# First lawn journal (amateur)



## Maritimer 99 (May 31, 2021)

I will be starting this journal to keep track of progress. Last year was the first year in our new build and I was in a rush to get grass down due to muddy dog prints in the house. I used cheap grass seed from a local feed store that consisted of mostly annual rye along with some other species.

After a long summer of red thread due to starting grass late and one of the most humid summers on record, and an overall shitty "lawn", I decided to overseed with 100% KBG. It worked out pretty good compared to what I started with. If I would have had a journal I would have better records to look back on.

I am going to attempt to keep up to this but having a toddler and being self employed, along with my wife working two jobs, this may get neglected a bit.

I have mowed yesterday for the first time at 1 3/4" to promote spread (I believe). Today I noticed some of the lawn has lightened in color. I could have waited another week but I was getting impatient and some of the darker dense kbg was getting tall.

I am ordering a power rake/dethatcher attachment for my yard boss I just picked up and I will be power raking the septic field that has a steep decline that is littered with pine needles. Once the soil temps are up which I'm thinking with be in another 2 weeks I will be overseeding. It's shaded in that area in the late afternoon so I'm confident it will work out over the summer.

There is also a patch along the side of the lawn near my sons play area that needs to be seeded. I dumped some of the left over compost from last years top dressing so there is about 2" that I will be tilling into the ground before seeding.

I am planning on throwing down some amendments and ferts on the rest of the lawn but I'm debating what to use. My possible list is:

Scott's soil build'r
Alfalfa pellets
Kelp meal
Gypsum
12-27-18
Compost top dressing 
Natures finest 9-2-2 "organic" fertilizer

As I mentioned I top dressed with compost last year before my overseed and I don't want to go through that again so soon. I'm gonna shop around and weigh it out.

I have a f*** ton of sedge and other grassy looking weeds. Mostly in the area I ran out of topsoil when seeding last May and had to send the wife out to to get a little bit to finish. She went to walmart. Big mistake. I will be spot treating it with a sponge stain applicator and glyphosate.

Here's the lawn today, the day after the first cut.


----------



## uts (Jul 8, 2019)

In all honesty your lawn looks good for a very young grass. Feed it consistently and it will be great.

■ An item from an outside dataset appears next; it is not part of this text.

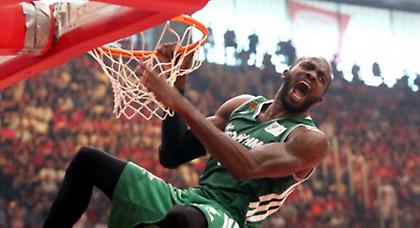 Είπε «αντίο» στον Παναθηναϊκό ο Λάσμε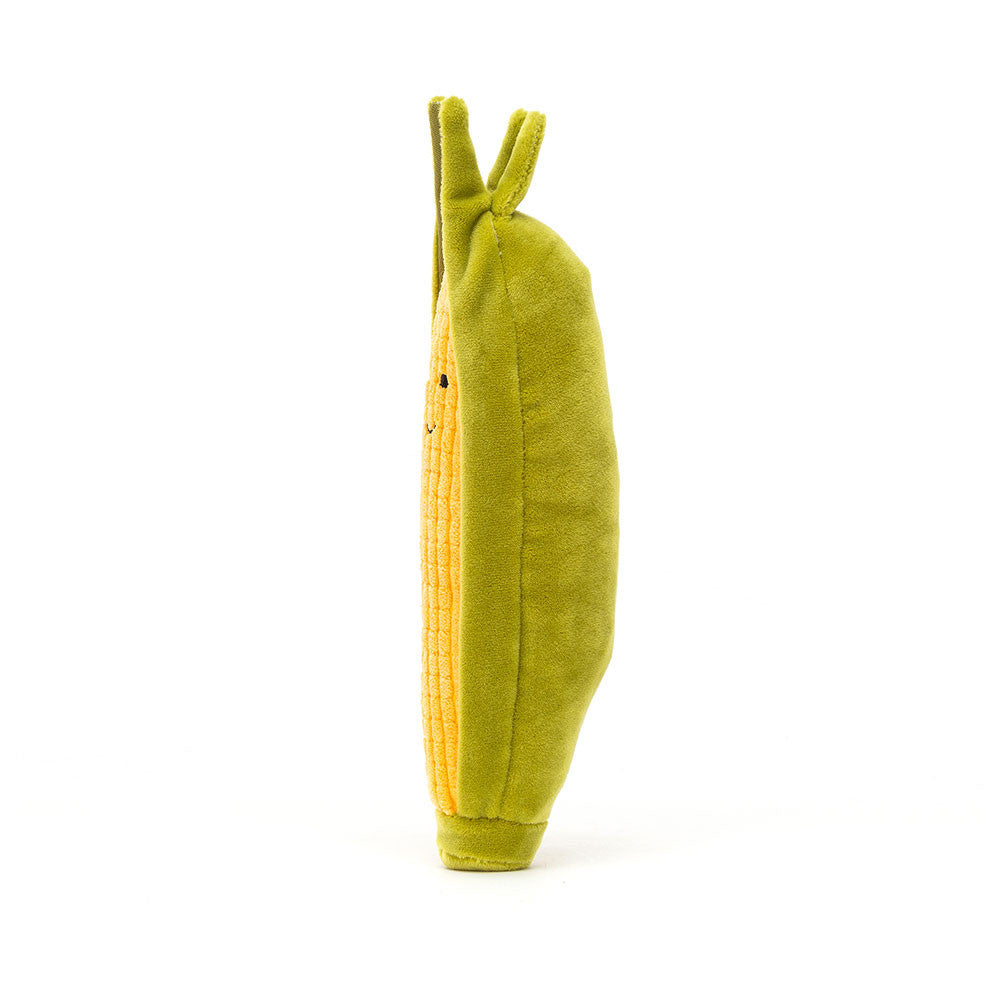 Jellycat Vivacious Vegetable Sweetcorn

Honest opinion, get a sedge directed herbecide. Members do a split here frequently and you will get a much effective product. Or get the single use packets of sedgehammer.


----------



## Maritimer 99 (May 31, 2021)

uts said:


> In all honesty your lawn looks good for a very young grass. Feed it consistently and it will be great.
> 
> Honest opinion, get a sedge directed herbecide. Members do a split here frequently and you will get a much effective product. Or get the single use packets of sedgehammer.


Thanks! I appreciate it. The lawn is definitely still waking up though. I'm thinking I'm gonna throw down some synthetic fertilizer to get a bit of green up and stretch it's legs, then in May I'll start with the organics.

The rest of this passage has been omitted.